» **TASK TO COMPLETE**
After finding the line that holds "1575 EASTIN AVENUE, Orlando, FL 32804" below, set down that line and the rest through the final one exactly, leaving the pictures out.
[[ PROVIDED DATA, beginning ]]
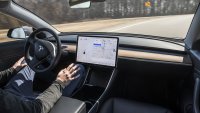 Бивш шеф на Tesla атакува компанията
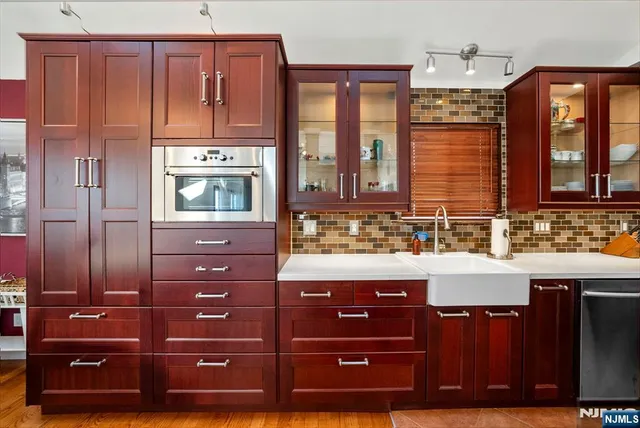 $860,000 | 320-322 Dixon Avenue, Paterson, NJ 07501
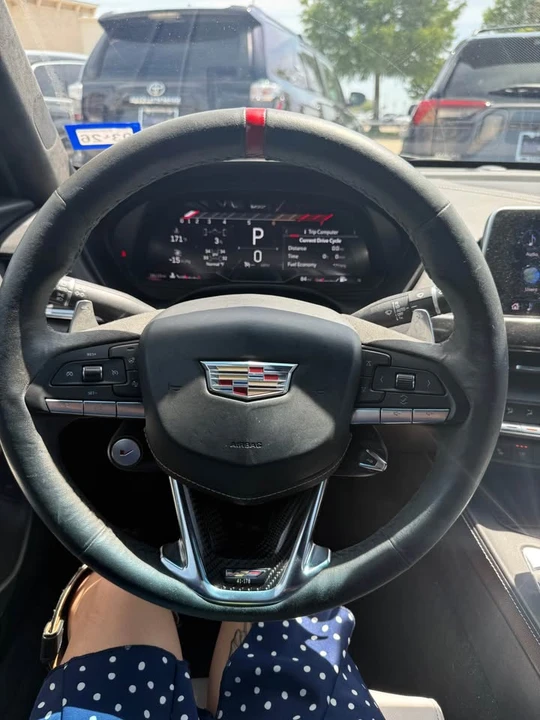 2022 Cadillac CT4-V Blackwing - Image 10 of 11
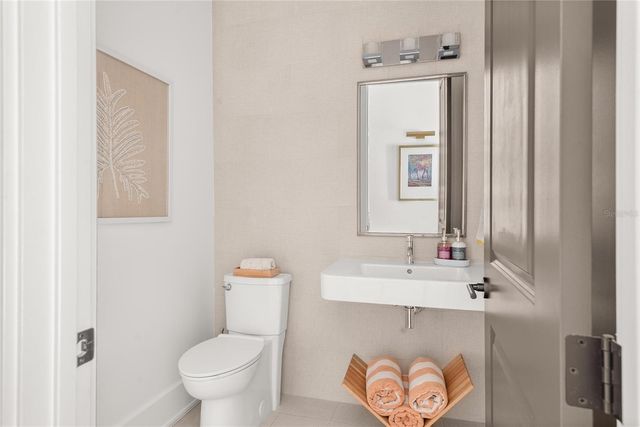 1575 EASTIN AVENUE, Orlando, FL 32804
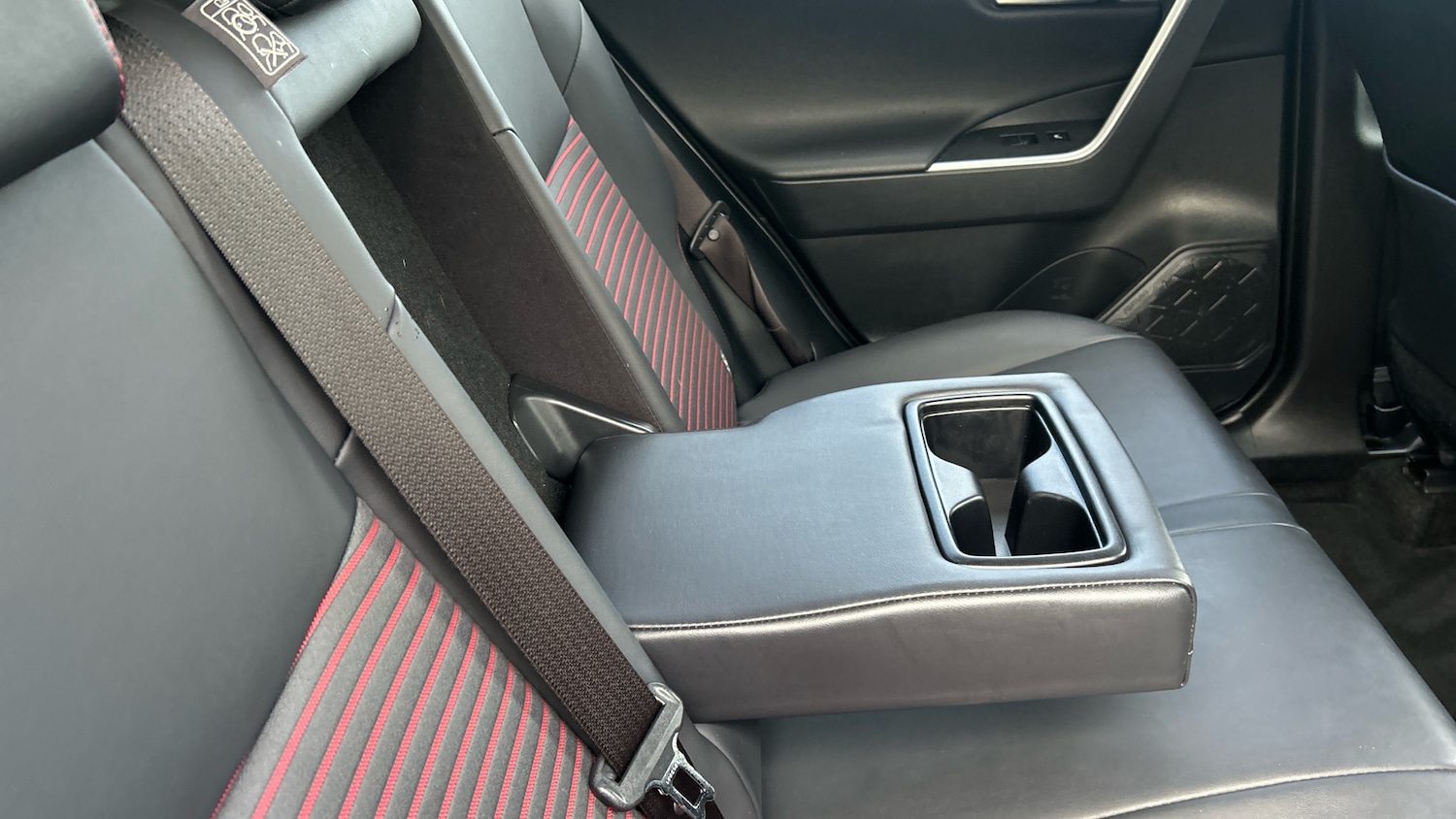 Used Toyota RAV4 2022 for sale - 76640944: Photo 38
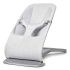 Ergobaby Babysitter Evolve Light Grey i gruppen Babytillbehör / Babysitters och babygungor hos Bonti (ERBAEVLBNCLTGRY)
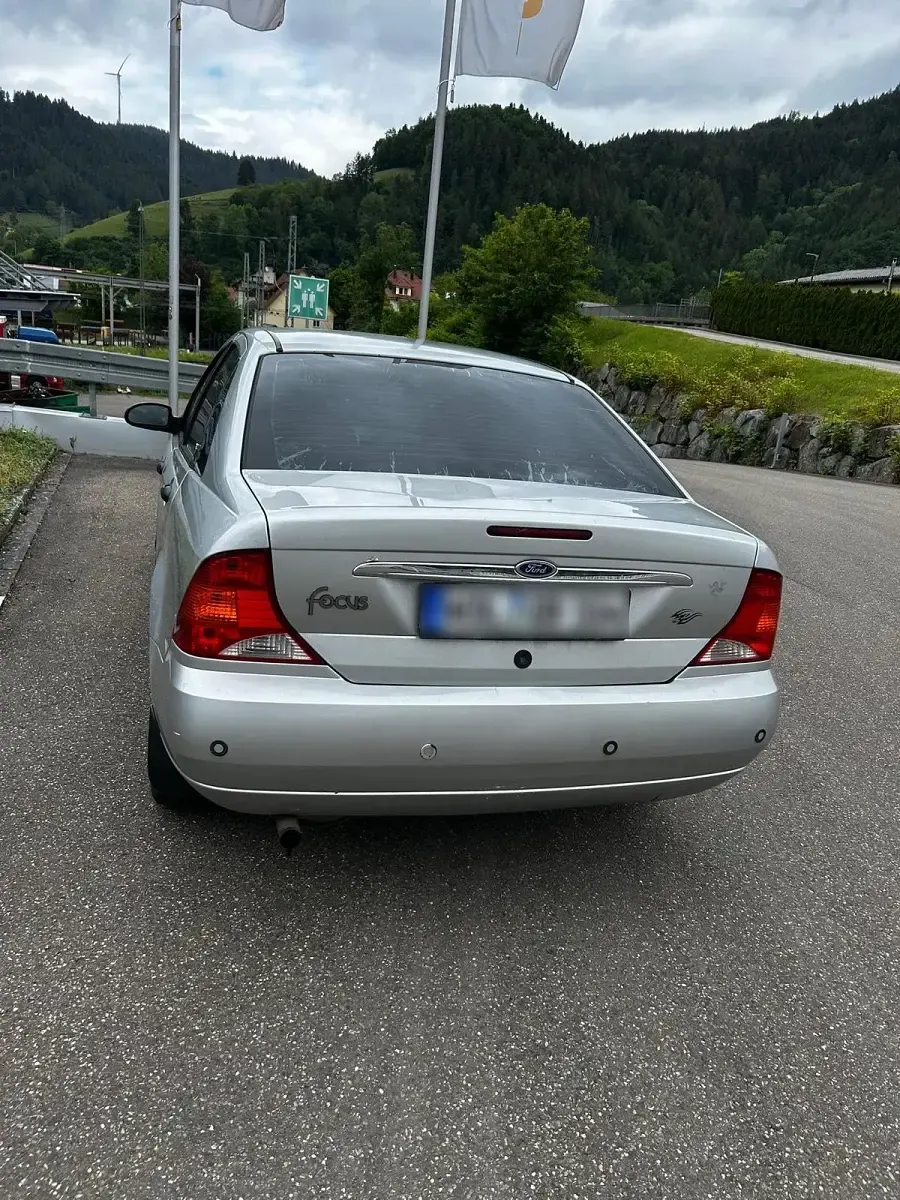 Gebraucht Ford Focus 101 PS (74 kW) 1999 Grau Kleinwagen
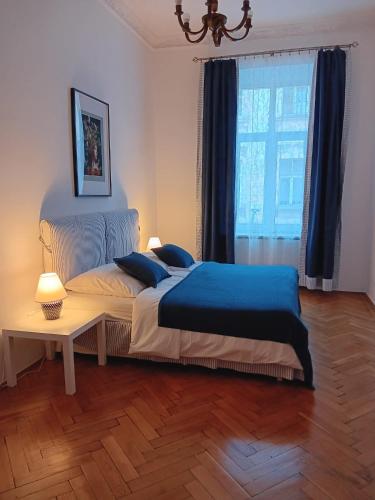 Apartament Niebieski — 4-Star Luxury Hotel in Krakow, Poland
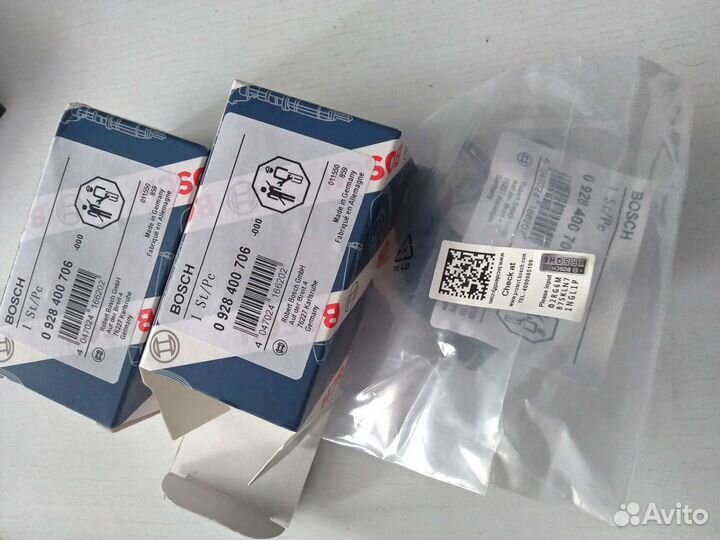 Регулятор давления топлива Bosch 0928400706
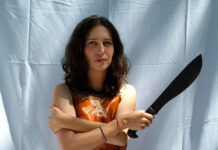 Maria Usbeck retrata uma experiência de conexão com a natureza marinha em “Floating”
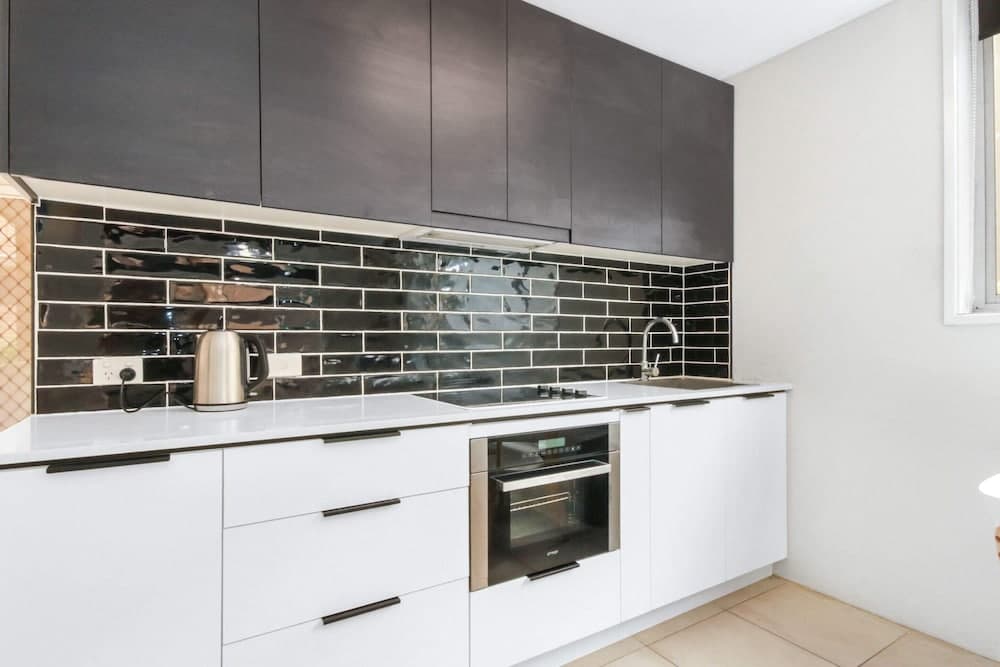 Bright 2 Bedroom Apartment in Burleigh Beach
[[ PROVIDED DATA, end ]]
» **EXPECTED ANSWER**
 1575 EASTIN AVENUE, Orlando, FL 32804
 Used Toyota RAV4 2022 for sale - 76640944: Photo 38
 Ergobaby Babysitter Evolve Light Grey i gruppen Babytillbehör / Babysitters och babygungor hos Bonti (ERBAEVLBNCLTGRY)
 Gebraucht Ford Focus 101 PS (74 kW) 1999 Grau Kleinwagen
 Apartament Niebieski — 4-Star Luxury Hotel in Krakow, Poland
 Регулятор давления топлива Bosch 0928400706
 Maria Usbeck retrata uma experiência de conexão com a natureza marinha em “Floating”
 Bright 2 Bedroom Apartment in Burleigh Beach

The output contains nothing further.